First, it is hard to oversee the extreme broad range of issues that Sir Peter Hall addressed – representing a rare and matchless universal knowledge in geography and planning that has, of late, mostly fallen victim to the imperative of specialization in both academia and in professional realms. Just to name one of his many publications: his (1998) Cities in Civilization is one of the most readable and comprehensive volumes on towns and cities of our time, stretching urban history, contemporary developments, and urban policy and planning issues.

Second, his broad knowledge was always underscored by precise and detailed expertise, which Sir Peter Hall applied to issues as variegated as urban containment, high speed trains, cities and universities, and culture and creativity – just to name a few. His treatise on The World Cities (1966), one of very first studies on this issue, appeared much earlier than the seminal paper by John Friedmann and Goetz Wolff (1982) or Saskia Sassen’s Global City (1991) that supposedly established the related genre. His thoughts on the association between cities and universities, framed against the background of emerging high-tech – or ‘silicon’ – landscapes, also evolved roughly a decade before this topic gained wider attention in the scientific and urban planning communities. Again, the same applies to culture and creativity as means of urban development, which was thoughtfully included in Cities in Civilization a decade before the Floridian orthodoxy on creativity emerged and occupied urban agendas worldwide. And, his work on the link between transport infrastructure and urban-regional development builds a body of essential literature, providing conceptual clarity, empirical richness, and practical applicability in a field of planning that is often determined by positivism.
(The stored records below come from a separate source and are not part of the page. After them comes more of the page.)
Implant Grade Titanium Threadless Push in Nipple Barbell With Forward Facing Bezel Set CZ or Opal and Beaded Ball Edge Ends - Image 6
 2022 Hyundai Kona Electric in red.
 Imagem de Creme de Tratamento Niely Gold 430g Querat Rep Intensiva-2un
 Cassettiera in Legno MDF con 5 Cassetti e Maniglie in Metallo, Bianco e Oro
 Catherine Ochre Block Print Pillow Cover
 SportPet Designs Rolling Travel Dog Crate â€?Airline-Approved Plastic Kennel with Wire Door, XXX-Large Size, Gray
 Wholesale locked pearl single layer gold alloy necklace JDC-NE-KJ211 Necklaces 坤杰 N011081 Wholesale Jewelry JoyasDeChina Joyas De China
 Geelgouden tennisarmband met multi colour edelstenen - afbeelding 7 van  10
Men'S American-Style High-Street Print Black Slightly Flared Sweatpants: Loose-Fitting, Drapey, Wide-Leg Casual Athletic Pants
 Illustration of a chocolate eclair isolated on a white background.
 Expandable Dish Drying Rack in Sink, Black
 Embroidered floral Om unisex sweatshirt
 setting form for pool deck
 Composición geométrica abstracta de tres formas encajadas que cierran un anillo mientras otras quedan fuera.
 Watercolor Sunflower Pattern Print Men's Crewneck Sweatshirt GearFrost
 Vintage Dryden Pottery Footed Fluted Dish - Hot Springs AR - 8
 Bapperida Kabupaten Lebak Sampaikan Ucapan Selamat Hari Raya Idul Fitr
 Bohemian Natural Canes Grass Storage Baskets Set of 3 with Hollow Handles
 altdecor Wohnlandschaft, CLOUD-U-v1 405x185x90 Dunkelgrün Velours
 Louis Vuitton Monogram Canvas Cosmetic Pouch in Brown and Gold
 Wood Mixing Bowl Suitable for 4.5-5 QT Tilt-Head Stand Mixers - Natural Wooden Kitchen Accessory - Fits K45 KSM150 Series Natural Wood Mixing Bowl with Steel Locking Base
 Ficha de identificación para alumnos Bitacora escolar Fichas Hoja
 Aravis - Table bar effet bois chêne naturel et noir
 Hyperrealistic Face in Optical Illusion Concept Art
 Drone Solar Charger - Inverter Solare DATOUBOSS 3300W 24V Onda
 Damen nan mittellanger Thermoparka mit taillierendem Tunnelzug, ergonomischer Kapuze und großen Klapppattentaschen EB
In this context - and third - Sir Peter Hall was instrumental because his knowledge was fed into the interface of science and policy. He was always simultaneously both a geographer and planner, enriching debates with both independent analytical findings and engaged scholarship, advice and consultancy. Besides serving the professional communities, such as the Town and Country Planning Association or the Regional Studies Association (of which he was a founding member), he also sat on numerous committees and planning boards providing independent and highly useful expertise in decision-making processes. His sympathy for garden cities as a means to provide guidance and control in spatial development was based on thoughtful considerations of the need to steer growth, without neglecting the many pitfalls of the compact city ideal. It was no coincidence that Sir Peter Hall was among those who launched the recent airport debate in London by co-authoring a (2006) paper advocating the retirement of Heathrow for both economic and urban reasons. A somewhat growth-machine approach comes into play when Sir Peter Hall is considered one of the creators of urban enterprise zones in Thatcher Britain – a concept that is highly suspicious of fostering urban neoliberalism. As a planning researcher and teacher, however, he was indeed quite aware of the limitations to planning. As a consequence, he was also rather critical of planning outcomes. In this respect, his (1980) book Great Planning Disasters was iconic, setting the standard for future studies on large-scale urban projects. Always, his work followed the commitment towards improving urban life-worlds, as was also proven by his last (2013) monograph Good Cities, Better Lives.

Comprehensiveness, accuracy, originality, and critical engagement is what characterizes Sir Peter Hall’s professional life. But in addition to remembering him as someone with an outstanding career,  one can also mourn that geography has lost an extraordinary role model that researchers can aspire to. And, given the imperatives of contemporary academia, and the worlds of impact factors, fund raising, and other performance-oriented indicators, one might also lament over whether, and to what extent, such an intellectual trajectory is even possible today.